第二次世界大戦後、日本は、それまでの歴史から学び、負の遺産を清算して平和的、民主的な国家社会を形成してきました。「平和ボケ」と悪い言い方をされてしまうほどです。
私はアメリカで第二次世界大戦の爪痕を垣間見ることの出来るミュージアムを何箇所か訪れる機会がありました。その中でも記憶に残るミュージアムが2つあります。1つは、Steven F. Udvar-Hazy Center。もう1つは、 National Museum of the Marine Corpsです。
National Museum of the Marine Corps (国立海兵隊博物館)は、アメリカ海兵隊の歴史について各種資料や実物が展示されており、とくに太平洋戦争とベトナム戦争のコーナーは当時の激戦を物語っていました。
こちらが戦時中の日本についてのエリアです。
ナチスドイツと同じ括りになっていましたが、これは仕方のないことです。
アメリカ側から見た日本が偏見なく語られていたことに少し安堵しながら見学をしていると、「どこからいらしたんですか?」と制服を着た感じの良い白人ジェントルマンに声をかけられました。

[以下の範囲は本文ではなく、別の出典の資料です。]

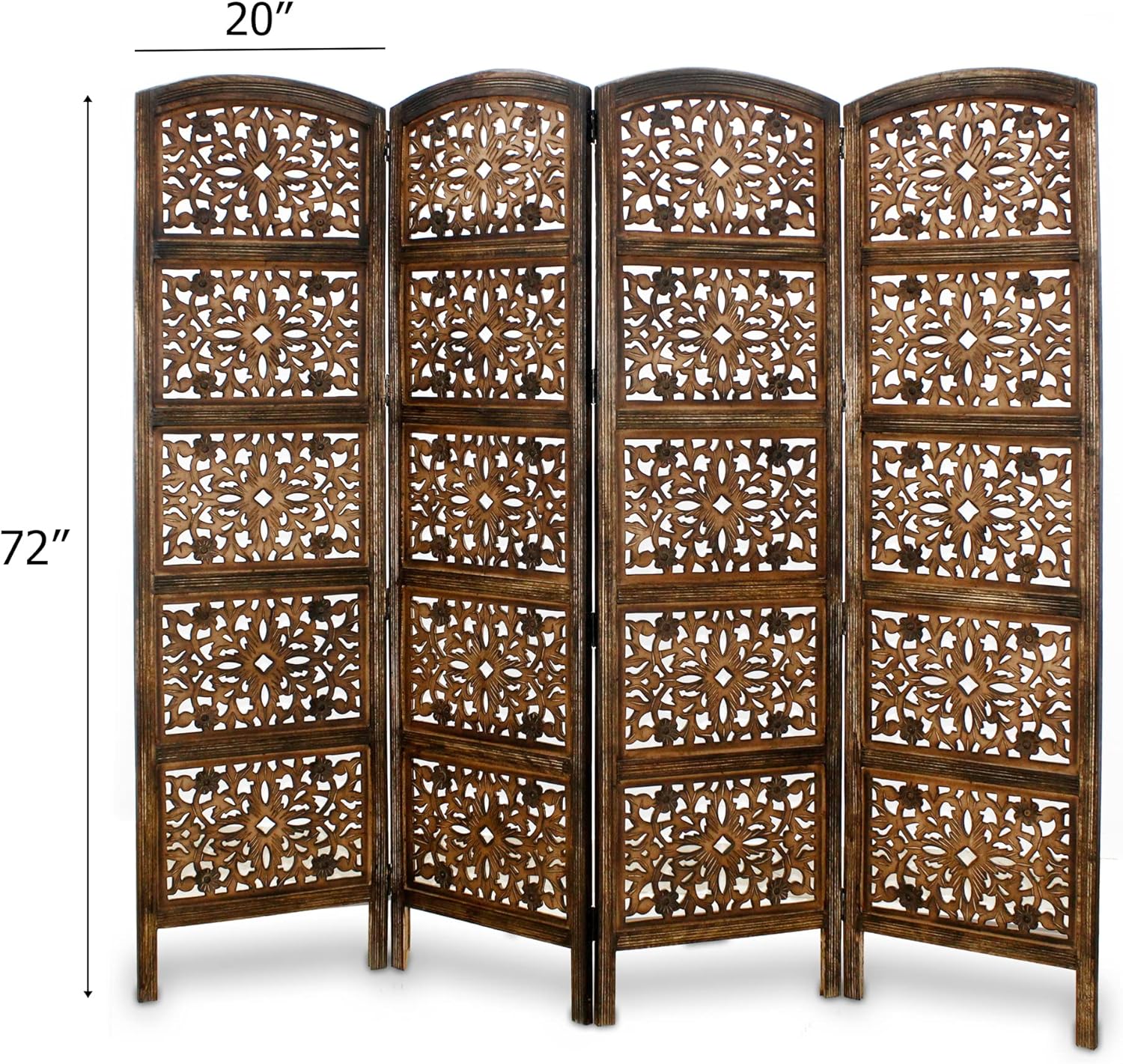 Urbane Crafts Handcrafted Wooden Room Divider & Living Room Partition | 4-Panel Solid Mango Wood & MDF Privacy Screen with Geometric Diamond Floral Cutouts | Antique Burnished Brown Finish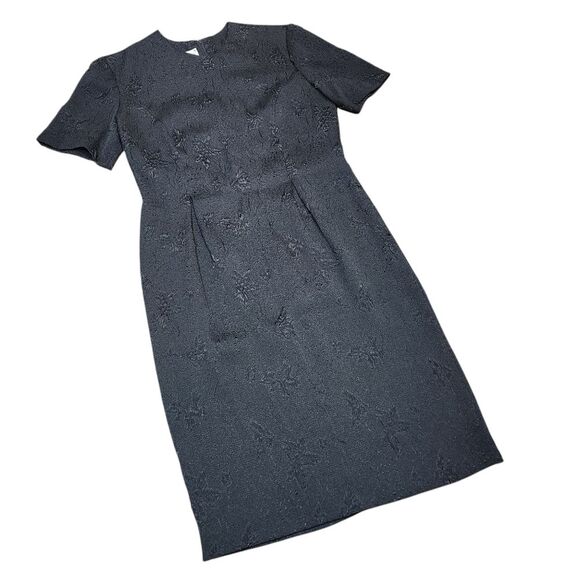 Vintage 70s Dress Black Embossed Floral‎ Short Sleeve Pencil Knee Length 10 M - Picture 2 of 13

おそらく退役軍人の方でしょう。
「JAPAN」と返事をすると、「JAPAN!!」と文字通り彼は目を真ん丸くして驚き、「よく来てくれた。私はとても嬉しい!」と満面の笑みを浮かべました。もう一人べつの館内の方が加わり、私とBFの4人で軽く雑談をしていると、「教えてほしい漢字がある。調べてもわからない。」と言ってこちらの前に連れていかれました。
『規律嚴守』『敬禮勵行』
読み上げると「それはどういう意味?」と訊かれました。そこで英語が堪能なBFが説明をしましたが、あまりにも説明がアバウト過ぎて、きちんと意味が伝わったかは定かでありません。(笑)
最後に握手をしてその場を離れました。この小さな交流は、それまで少し重い気持ちで戦争の傷跡を見ていた私たちの心にささやかな潤いを与えてくれました。
そして、もう一つのミュージアムは、Steven F. Udvar-Hazy Center(国立航空宇宙博物館別館)。こちらはスミソニアン博物館群のひとつで、実際に使用された航空機や宇宙船が展示されています。
スペースシャトルよりも日本人の心に語りかけてくるもの、それはやはり原爆を投下したB29『エノラゲイ』でしょう。
終戦後にアメリカが持ち帰った日本の戦闘機も数多く展示されていました。
特攻機『桜花』などを見ると、胸が詰まります。
8月6日の今日という日に、エノラゲイの画像を載せるのが適切かどうかはわかりません。しかし、広島に原爆が投下された今日だからこそ、過去に目を向けて学ばなければいけないのかもしれません。
日本には戦争に関する国立の博物館がありません。敗戦国なので戦争を物語る遺品が少ないということもありますが、戦争を学べる場所がもっとあっても良いのではないかと思います。
戦争と平和。
これは人類の永遠のテーマなのでしょう。